After a few minutes, Haoa pulled Lui and me to the kitchen, leaving Liliha, Tatiana and Aunt Mei-Mei in the living room. “So has anybody told Dad about Uncle Chin yet?” he asked.

“No,” Lui said. “I don’t think we should.”

“I think we ought to tell him, but we ought to wait a couple of days,” Haoa said. “See if he starts to get his strength back.”

I said, “I disagree. I think we ought to tell him. I’d certainly want to know.”

“Not everybody is as strong as you are, Kimo,” Lui said.

“He’s our father. I think he’s plenty strong.”

“Lui’s right,” Haoa said. He opened the refrigerator and pulled out a bottle of water. “You looked at Dad lately? It’s like he’s fading away. None of us are as strong as you are. Maybe we ought to wait a day or two, see how he feels.”
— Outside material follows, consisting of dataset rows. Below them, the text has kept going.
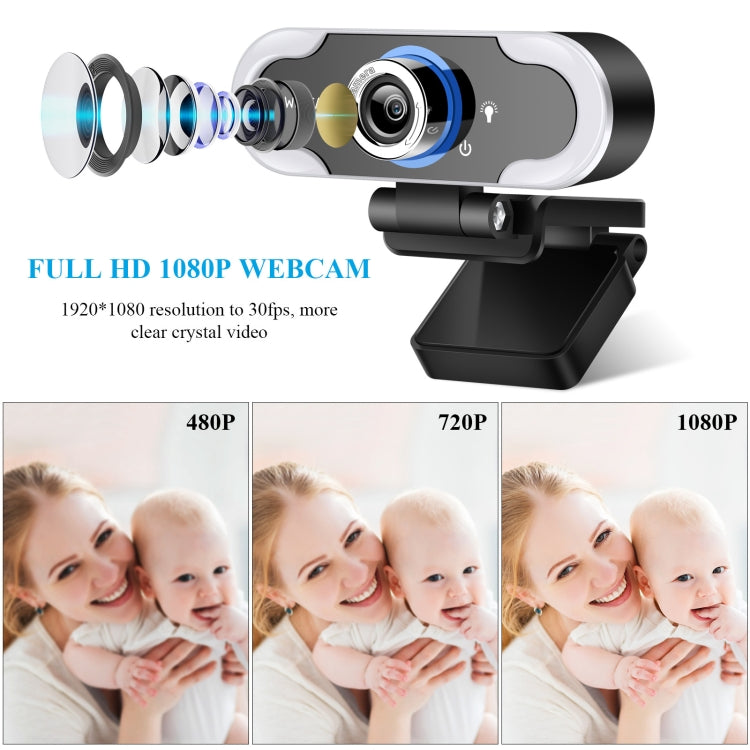 C13 1080P High-Definition Touch 3-level Brightness Web Camera Fill Light Camera Live Webcast Webcam with Tripod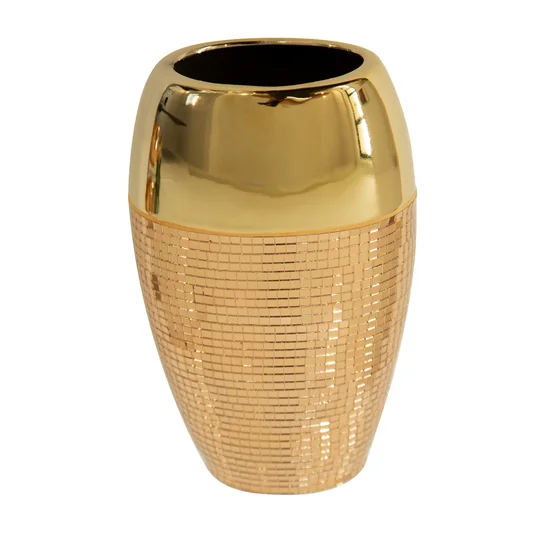 Wazon ceramiczny dekorowany lusterkami w stylu glamour złoty - 14 x 10 x 24 cm - złoty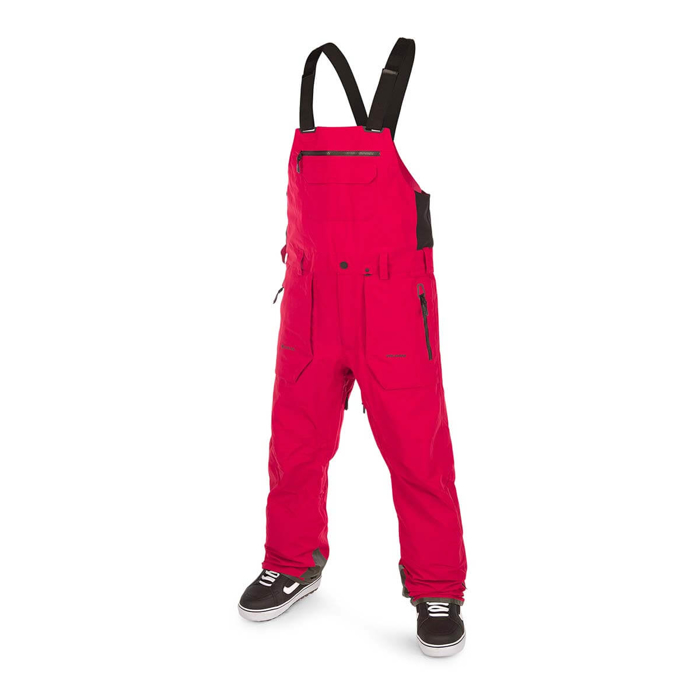 VOLCOM RAIN GORE-TEX BIB OVERALL PANTS RED XS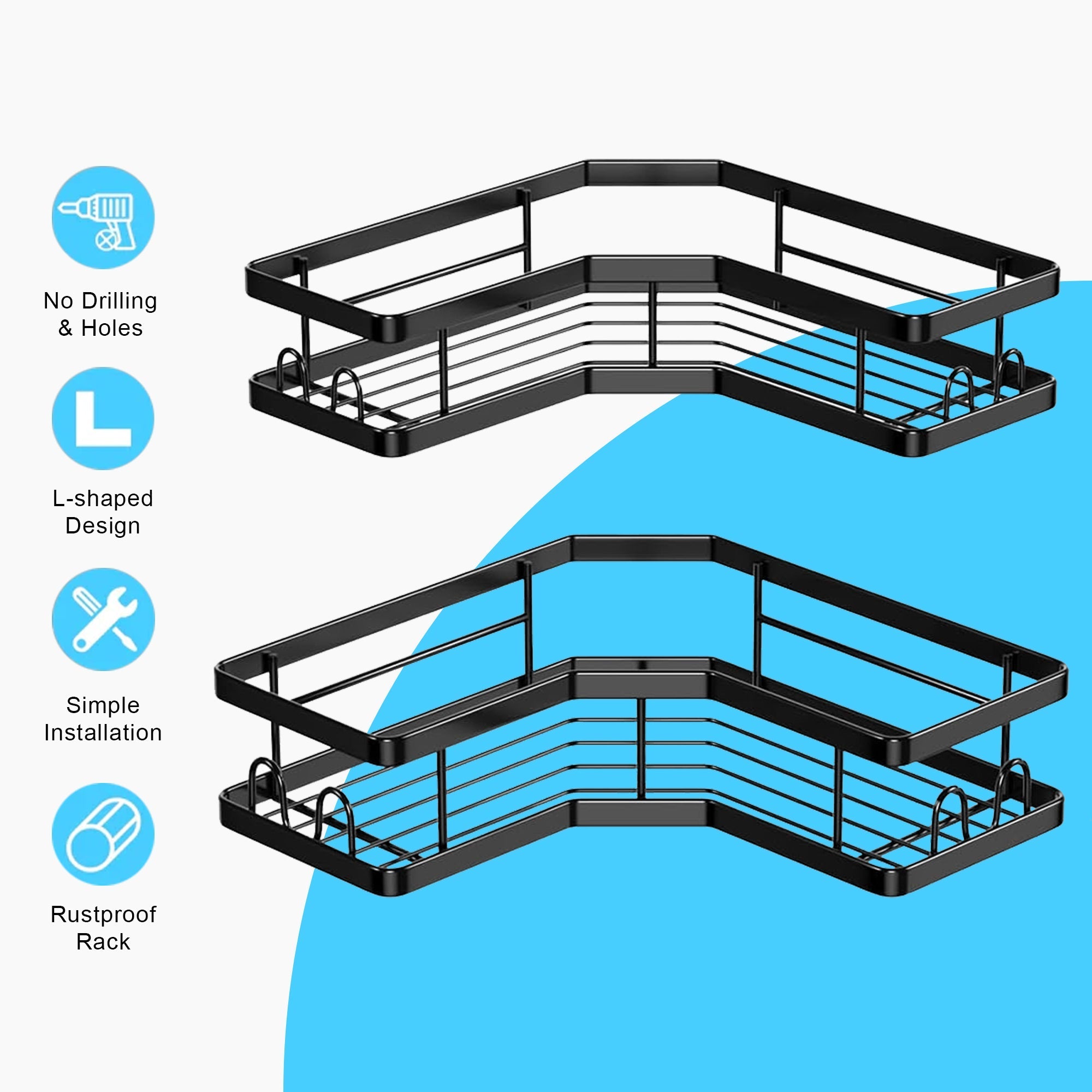 Bathroom Cabinets, Cupboards & Storage: Hivvago Stainless Steel Bathroom Organizer Shelves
I looked at my big brothers. I’d always felt the weakest of the three of us, the youngest, the one they picked on. Even as adults, sometimes they ganged up against me and I bowed to their will. “You really think I’m stronger than he is, or than either of you?”

They shared a glance. “Of course,” Lui said. “Look at everything you’ve gone through.”

I was surprised, but I plowed on. “You guys remember all the stories Dad told? About when he was building his first house, and working nights for other contractors to make money, and then weekends doing jobs he couldn’t afford to hire anybody for? I mean, imagine how scary that must be. You’ve got a wife and three kids, and you’ve staked everything you have to this one project. Think of the pressure.”

“But he’s old now,” Haoa said. “Weaker. Maybe he can’t take as much.”

“That’s what he’s got three big sons for,” I said. “I’m going to tell him. You guys want to be there?”